Look below for the line containing "美軍士兵學習透過聲音辨識無人機類型 1"; from there, print each line exactly up to and including the line containing "Live the lifestyle", and stop.

====== Extracted entries

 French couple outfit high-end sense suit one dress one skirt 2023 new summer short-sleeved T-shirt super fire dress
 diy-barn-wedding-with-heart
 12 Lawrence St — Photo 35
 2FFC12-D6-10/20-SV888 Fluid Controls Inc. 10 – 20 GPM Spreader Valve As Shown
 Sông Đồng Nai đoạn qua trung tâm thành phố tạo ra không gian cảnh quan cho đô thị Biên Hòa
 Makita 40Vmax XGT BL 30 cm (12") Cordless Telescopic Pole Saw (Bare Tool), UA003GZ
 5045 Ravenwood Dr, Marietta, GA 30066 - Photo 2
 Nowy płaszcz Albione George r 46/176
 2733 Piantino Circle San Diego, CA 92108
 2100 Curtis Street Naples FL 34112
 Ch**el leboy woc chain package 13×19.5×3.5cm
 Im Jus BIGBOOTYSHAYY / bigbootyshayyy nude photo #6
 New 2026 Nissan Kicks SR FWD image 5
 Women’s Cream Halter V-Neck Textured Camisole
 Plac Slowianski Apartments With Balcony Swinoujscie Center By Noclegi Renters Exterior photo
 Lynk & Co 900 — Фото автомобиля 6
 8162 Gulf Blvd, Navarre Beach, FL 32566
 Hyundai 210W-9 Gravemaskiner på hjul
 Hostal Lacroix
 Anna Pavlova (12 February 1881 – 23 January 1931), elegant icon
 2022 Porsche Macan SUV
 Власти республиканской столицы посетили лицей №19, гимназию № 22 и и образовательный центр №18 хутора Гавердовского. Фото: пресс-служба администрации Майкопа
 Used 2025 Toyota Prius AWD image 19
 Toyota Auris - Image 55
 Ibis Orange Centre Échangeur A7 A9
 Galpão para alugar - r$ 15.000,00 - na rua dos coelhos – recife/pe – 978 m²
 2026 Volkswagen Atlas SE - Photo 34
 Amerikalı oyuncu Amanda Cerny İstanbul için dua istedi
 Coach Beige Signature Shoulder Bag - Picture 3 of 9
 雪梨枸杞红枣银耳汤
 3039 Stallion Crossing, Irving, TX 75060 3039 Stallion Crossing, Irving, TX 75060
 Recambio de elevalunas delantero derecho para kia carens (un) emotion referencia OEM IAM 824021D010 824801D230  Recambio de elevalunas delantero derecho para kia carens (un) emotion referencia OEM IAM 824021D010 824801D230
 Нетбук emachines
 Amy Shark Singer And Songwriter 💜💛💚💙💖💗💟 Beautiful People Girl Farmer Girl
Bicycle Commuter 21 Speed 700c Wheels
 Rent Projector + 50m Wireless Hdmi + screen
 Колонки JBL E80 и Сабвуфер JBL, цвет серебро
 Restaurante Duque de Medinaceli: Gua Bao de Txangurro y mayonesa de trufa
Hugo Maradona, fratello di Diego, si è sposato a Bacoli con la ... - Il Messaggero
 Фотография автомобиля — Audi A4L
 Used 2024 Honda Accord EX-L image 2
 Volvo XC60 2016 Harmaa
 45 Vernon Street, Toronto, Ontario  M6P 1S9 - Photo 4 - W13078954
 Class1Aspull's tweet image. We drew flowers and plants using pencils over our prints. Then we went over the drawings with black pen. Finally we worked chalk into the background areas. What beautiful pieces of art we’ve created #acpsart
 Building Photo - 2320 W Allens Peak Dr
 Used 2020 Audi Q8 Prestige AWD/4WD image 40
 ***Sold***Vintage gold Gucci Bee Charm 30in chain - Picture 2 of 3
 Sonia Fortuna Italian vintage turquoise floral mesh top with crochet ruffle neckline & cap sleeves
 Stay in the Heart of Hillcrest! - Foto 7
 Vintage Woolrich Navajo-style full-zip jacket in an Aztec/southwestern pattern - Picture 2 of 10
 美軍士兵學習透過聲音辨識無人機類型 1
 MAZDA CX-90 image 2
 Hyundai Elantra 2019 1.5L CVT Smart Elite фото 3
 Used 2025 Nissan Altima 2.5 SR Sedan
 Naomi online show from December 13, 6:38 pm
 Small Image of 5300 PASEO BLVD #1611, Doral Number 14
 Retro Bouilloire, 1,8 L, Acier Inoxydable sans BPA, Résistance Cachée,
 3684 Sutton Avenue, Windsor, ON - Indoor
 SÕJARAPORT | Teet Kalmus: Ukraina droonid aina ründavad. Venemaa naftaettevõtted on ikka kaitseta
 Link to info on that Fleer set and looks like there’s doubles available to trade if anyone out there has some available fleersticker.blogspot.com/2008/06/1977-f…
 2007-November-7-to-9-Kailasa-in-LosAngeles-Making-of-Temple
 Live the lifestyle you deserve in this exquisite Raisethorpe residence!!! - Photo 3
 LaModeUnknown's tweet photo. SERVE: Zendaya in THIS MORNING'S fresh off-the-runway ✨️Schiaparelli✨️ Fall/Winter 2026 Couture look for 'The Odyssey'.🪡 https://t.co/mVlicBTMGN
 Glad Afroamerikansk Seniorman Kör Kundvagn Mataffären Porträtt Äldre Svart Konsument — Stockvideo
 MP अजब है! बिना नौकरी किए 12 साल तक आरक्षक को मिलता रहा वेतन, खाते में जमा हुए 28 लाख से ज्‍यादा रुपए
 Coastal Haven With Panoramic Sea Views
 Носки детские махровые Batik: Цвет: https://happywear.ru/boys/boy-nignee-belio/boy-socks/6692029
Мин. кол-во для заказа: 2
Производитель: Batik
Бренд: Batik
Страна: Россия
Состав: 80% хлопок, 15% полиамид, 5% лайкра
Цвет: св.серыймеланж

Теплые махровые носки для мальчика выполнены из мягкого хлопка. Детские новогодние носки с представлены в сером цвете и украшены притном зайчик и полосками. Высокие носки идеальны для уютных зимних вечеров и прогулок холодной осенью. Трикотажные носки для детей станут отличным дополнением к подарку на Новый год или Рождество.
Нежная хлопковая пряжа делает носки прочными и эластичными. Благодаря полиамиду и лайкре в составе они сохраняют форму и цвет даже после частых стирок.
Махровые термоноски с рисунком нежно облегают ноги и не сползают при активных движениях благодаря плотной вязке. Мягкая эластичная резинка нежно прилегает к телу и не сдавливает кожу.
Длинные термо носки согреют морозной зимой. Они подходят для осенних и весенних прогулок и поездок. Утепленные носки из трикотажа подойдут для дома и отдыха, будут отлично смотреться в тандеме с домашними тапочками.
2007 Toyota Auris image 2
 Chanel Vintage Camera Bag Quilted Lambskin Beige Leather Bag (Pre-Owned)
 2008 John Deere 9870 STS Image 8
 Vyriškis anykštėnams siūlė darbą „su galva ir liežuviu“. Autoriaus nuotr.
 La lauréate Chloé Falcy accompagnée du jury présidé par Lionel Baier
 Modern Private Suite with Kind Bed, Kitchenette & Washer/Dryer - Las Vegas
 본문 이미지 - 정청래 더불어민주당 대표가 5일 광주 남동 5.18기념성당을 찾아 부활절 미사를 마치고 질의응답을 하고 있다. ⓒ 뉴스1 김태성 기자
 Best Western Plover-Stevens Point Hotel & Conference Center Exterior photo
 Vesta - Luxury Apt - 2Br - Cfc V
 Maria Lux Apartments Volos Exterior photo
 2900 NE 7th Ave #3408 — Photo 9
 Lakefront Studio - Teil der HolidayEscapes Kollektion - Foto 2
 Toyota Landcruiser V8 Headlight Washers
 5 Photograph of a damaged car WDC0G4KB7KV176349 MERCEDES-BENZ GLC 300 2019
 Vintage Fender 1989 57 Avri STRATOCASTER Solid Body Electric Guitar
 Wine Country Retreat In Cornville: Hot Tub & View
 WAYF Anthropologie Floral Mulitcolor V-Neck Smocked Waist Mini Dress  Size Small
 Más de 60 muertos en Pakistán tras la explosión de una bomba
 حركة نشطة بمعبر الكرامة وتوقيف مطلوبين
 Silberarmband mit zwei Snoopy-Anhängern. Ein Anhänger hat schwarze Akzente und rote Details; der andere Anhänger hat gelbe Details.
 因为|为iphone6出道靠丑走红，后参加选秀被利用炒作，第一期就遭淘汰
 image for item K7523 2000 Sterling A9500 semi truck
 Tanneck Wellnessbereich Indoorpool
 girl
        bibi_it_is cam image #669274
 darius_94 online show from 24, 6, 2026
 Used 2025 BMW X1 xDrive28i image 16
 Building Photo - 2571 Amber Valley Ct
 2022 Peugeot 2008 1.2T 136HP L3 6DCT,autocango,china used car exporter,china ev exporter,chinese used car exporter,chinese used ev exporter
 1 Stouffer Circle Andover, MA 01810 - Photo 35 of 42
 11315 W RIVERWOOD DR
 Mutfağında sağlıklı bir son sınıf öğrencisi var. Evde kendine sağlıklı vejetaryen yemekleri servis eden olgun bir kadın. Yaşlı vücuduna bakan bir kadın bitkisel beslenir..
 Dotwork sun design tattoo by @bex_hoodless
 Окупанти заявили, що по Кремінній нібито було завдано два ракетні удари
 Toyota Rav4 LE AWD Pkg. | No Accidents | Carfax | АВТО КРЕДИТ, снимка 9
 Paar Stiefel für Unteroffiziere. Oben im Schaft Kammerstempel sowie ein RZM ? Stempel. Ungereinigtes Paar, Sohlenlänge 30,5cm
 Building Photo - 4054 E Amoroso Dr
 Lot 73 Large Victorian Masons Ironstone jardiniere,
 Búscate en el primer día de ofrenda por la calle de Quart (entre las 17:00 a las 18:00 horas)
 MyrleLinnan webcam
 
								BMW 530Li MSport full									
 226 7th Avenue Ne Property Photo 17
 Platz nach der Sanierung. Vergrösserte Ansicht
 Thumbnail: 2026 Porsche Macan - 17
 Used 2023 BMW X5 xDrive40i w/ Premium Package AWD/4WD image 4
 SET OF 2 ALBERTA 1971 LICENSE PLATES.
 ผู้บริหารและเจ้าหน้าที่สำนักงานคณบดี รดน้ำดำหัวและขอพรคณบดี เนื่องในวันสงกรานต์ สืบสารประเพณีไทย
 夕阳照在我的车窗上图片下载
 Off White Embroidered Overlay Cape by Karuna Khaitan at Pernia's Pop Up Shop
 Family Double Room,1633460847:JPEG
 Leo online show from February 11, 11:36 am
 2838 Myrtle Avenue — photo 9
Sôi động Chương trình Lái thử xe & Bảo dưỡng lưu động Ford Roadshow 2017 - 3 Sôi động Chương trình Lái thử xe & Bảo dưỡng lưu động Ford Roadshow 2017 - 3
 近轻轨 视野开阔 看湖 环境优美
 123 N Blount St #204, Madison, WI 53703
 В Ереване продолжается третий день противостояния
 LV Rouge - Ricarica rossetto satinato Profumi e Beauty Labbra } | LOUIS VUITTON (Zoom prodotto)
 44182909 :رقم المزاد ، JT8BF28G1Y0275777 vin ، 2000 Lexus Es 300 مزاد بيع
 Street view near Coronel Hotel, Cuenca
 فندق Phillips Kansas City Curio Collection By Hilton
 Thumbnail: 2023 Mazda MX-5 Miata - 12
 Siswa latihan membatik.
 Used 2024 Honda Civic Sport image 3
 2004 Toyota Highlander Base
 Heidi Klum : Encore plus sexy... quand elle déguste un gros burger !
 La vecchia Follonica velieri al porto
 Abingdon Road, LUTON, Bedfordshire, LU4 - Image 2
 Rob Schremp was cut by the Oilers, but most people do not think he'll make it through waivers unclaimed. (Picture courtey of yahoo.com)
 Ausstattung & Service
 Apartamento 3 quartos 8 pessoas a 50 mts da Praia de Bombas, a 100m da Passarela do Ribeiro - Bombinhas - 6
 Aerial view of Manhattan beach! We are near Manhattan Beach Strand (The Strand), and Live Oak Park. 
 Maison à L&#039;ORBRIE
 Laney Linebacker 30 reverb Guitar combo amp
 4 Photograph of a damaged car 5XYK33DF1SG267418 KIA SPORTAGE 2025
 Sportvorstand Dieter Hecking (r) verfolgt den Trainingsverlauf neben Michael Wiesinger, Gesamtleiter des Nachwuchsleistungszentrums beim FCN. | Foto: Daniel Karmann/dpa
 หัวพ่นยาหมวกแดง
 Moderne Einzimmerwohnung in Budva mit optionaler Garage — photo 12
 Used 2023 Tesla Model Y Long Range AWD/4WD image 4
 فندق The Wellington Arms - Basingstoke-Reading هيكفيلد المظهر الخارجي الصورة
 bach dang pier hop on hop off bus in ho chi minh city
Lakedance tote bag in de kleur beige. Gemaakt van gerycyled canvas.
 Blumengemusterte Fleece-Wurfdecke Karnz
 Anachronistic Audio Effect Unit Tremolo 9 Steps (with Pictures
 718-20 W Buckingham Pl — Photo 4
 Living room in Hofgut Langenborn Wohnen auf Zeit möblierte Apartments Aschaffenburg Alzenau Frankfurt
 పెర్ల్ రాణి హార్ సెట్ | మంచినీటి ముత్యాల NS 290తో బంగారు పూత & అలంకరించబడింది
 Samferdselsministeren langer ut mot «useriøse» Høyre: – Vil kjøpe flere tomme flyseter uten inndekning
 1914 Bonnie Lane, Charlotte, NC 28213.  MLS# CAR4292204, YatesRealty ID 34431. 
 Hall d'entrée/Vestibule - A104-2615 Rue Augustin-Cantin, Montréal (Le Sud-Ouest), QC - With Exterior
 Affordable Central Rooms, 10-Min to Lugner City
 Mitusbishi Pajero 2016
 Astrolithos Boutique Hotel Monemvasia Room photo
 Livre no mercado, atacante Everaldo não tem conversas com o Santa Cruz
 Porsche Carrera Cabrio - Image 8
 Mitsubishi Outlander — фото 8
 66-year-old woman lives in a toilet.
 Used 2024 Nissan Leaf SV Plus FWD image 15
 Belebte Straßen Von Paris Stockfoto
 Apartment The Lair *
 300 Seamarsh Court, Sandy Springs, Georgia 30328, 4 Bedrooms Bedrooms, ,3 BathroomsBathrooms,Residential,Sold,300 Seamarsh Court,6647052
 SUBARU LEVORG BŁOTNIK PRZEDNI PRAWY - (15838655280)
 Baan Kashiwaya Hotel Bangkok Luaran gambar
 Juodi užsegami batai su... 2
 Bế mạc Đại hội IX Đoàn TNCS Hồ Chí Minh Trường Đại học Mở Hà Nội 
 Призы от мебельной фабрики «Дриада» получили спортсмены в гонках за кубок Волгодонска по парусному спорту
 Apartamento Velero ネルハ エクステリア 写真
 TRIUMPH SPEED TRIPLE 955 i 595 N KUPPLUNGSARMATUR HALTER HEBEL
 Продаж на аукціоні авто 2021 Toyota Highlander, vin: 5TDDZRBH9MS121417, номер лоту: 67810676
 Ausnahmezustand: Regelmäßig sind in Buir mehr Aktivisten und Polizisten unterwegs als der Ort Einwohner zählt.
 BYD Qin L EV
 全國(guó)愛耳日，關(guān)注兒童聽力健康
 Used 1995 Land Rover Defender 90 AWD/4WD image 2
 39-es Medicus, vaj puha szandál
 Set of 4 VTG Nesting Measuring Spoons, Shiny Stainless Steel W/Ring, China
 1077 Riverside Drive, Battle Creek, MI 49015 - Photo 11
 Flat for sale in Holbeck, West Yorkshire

============

## Written reply
 美軍士兵學習透過聲音辨識無人機類型 1
 MAZDA CX-90 image 2
 Hyundai Elantra 2019 1.5L CVT Smart Elite фото 3
 Used 2025 Nissan Altima 2.5 SR Sedan
 Naomi online show from December 13, 6:38 pm
 Small Image of 5300 PASEO BLVD #1611, Doral Number 14
 Retro Bouilloire, 1,8 L, Acier Inoxydable sans BPA, Résistance Cachée,
 3684 Sutton Avenue, Windsor, ON - Indoor
 SÕJARAPORT | Teet Kalmus: Ukraina droonid aina ründavad. Venemaa naftaettevõtted on ikka kaitseta
 Link to info on that Fleer set and looks like there’s doubles available to trade if anyone out there has some available fleersticker.blogspot.com/2008/06/1977-f…
 2007-November-7-to-9-Kailasa-in-LosAngeles-Making-of-Temple
 Live the lifestyle you deserve in this exquisite Raisethorpe residence!!! - Photo 3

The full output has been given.